- [Provided records]
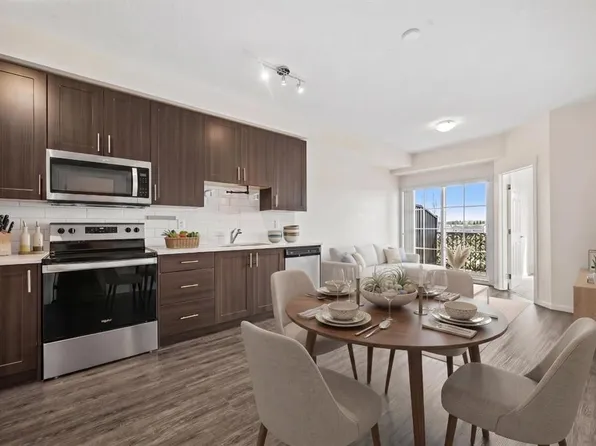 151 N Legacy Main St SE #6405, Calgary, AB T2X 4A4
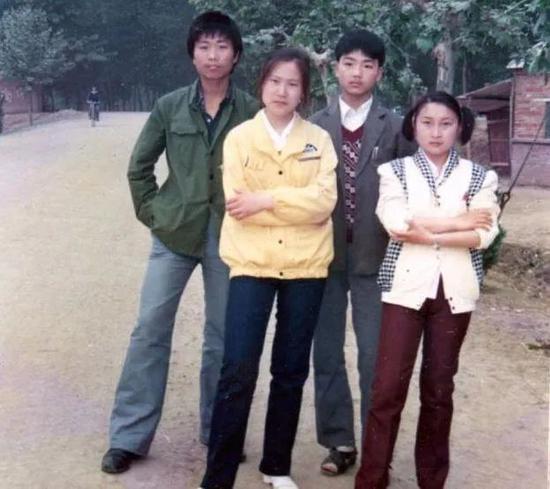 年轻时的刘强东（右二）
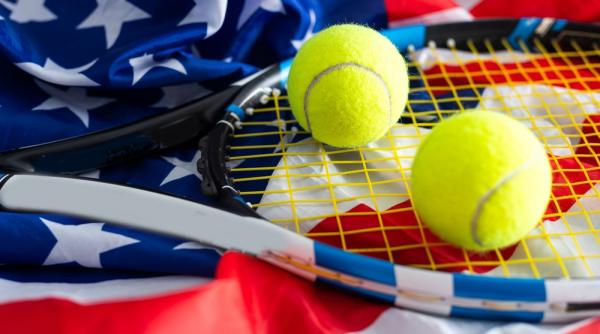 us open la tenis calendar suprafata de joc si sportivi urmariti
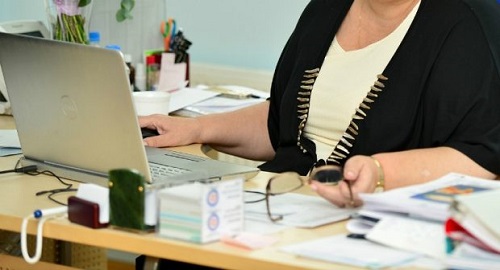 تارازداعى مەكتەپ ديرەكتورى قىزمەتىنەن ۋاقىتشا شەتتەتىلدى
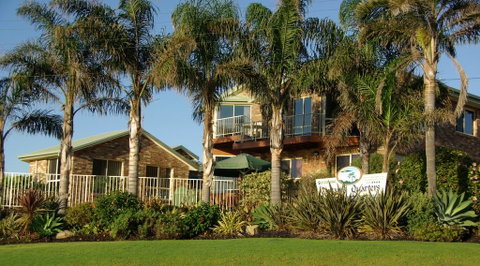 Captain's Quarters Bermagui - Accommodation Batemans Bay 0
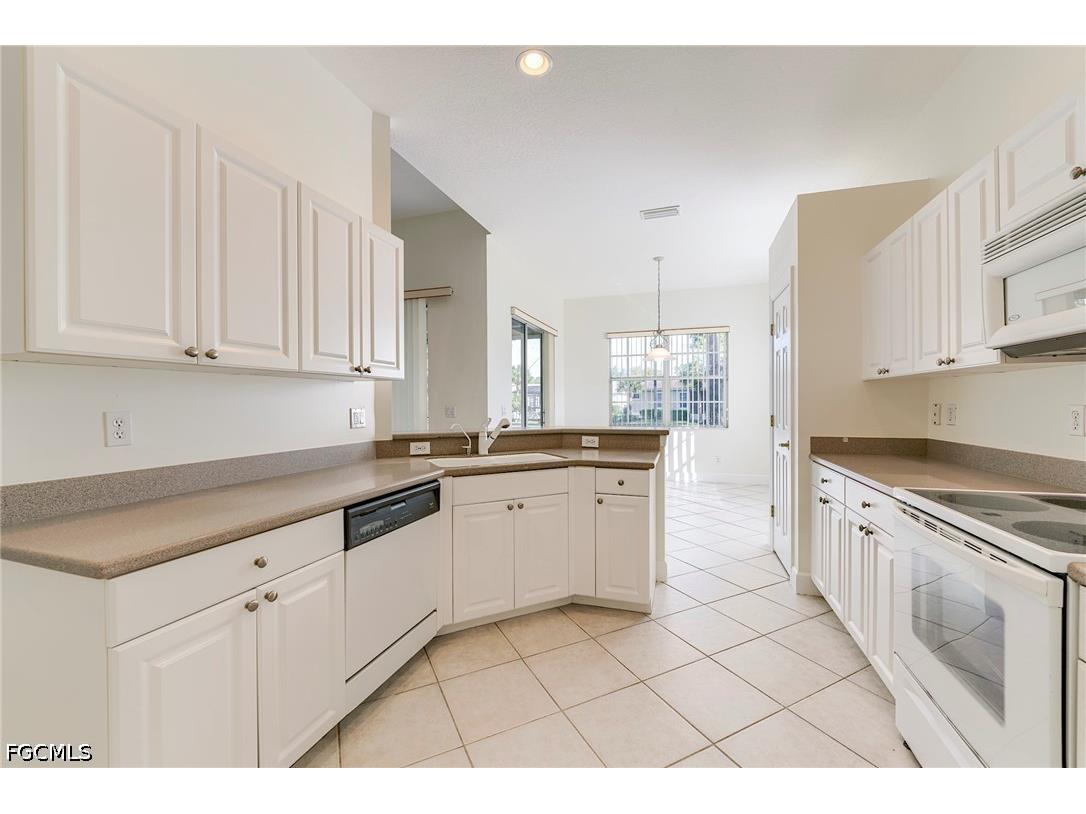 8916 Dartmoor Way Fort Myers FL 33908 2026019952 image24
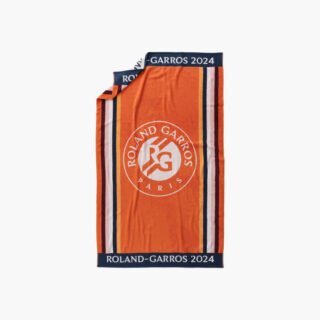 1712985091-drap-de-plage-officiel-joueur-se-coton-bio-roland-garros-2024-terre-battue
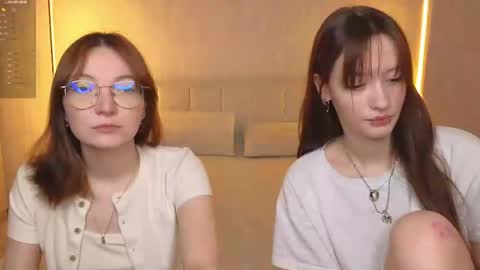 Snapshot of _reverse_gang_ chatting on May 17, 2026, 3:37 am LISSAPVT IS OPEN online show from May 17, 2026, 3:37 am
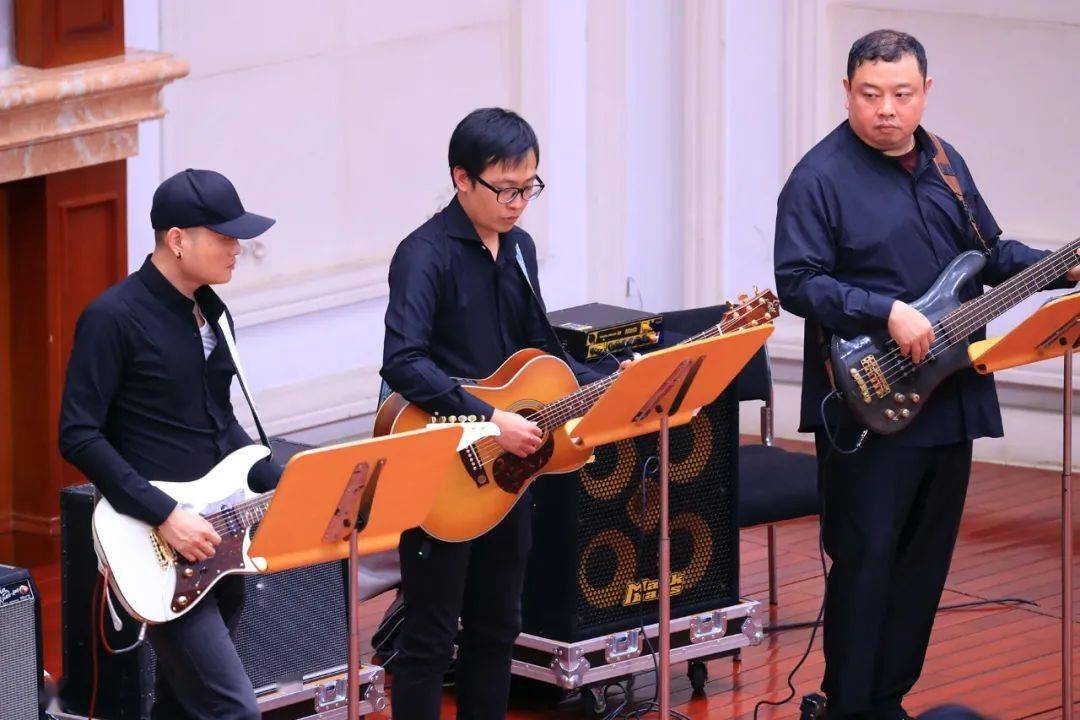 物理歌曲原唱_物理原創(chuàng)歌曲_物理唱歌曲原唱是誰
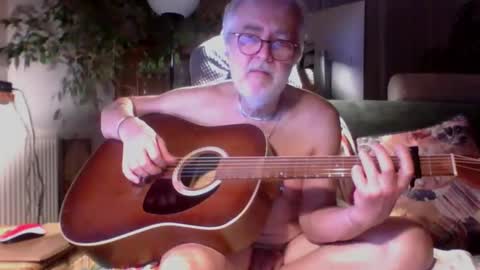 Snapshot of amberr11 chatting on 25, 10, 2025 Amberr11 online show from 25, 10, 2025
---
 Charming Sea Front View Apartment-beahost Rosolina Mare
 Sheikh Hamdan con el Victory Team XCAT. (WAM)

- [Assigned task]
Leave the pictures out, and transcribe exactly the lines above starting at the one that contains "151 N Legacy" and ending at the one that contains "8916 Dartmoor Way".

- [Solution to the problem]
 151 N Legacy Main St SE #6405, Calgary, AB T2X 4A4
 年轻时的刘强东（右二）
 us open la tenis calendar suprafata de joc si sportivi urmariti
 تارازداعى مەكتەپ ديرەكتورى قىزمەتىنەن ۋاقىتشا شەتتەتىلدى
 Captain's Quarters Bermagui - Accommodation Batemans Bay 0
 8916 Dartmoor Way Fort Myers FL 33908 2026019952 image24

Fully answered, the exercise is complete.